Vermont’s DMV has been using facial recognition technology to search through its database of driver license holders at the behest of police authorities at all levels of government, says the ACLU. The civil liberties organization says it discovered the practice through internal DMV documents it was able to obtain, and is now calling for its immediate end.
Such practices had come to light last summer when the Government Accountability Office issued a report revealing the existence of FACE, a secret program run by the FBI that scanned images of civilian databases for criminal investigations.

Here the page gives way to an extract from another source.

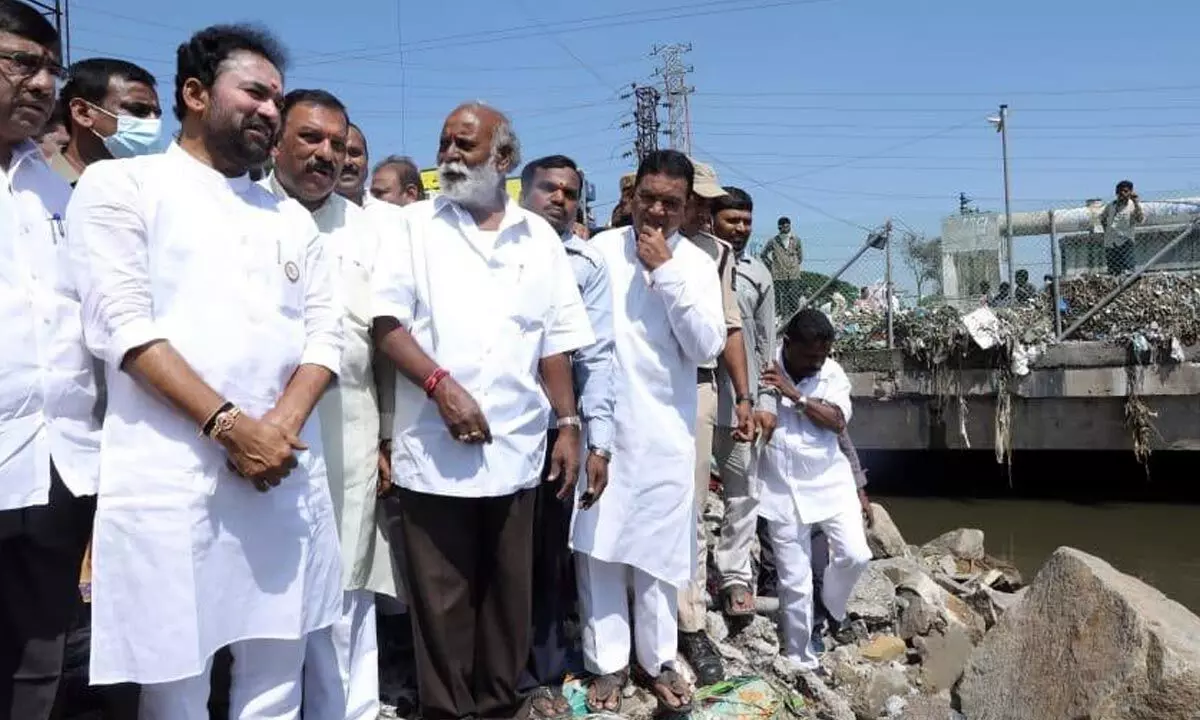 Union Minister G Kishan Reddy inspecting the flood-effected Moosarambagh near Musi River bridge in Hyderabad on Saturday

Vermont was revealed to be one of several states cooperating with the FBI. But the ACLU now says that the Vermont DMV has also collaborated with “ICE, the U.S. State Department, and state and local police departments from around the country,” according to a statement from the organization.
The ACLU adds that some of the biometric searches are based on “minor offenses such as trespassing or disorderly conduct, while others fail to reference any criminal conduct.” The DMV has been asked to perform searches over a hundred times since the program was implemented in 2012, and has never declined to do so.
The ACLU argues that this practice violates a 2004 state law barring the DMV from using “any procedures or processes for identifying applications… that involve the use of biometric identifiers,” a law that appears to preclude even the innocuous use of facial recognition systems to fight fraud and otherwise ensure the fast identification of individuals.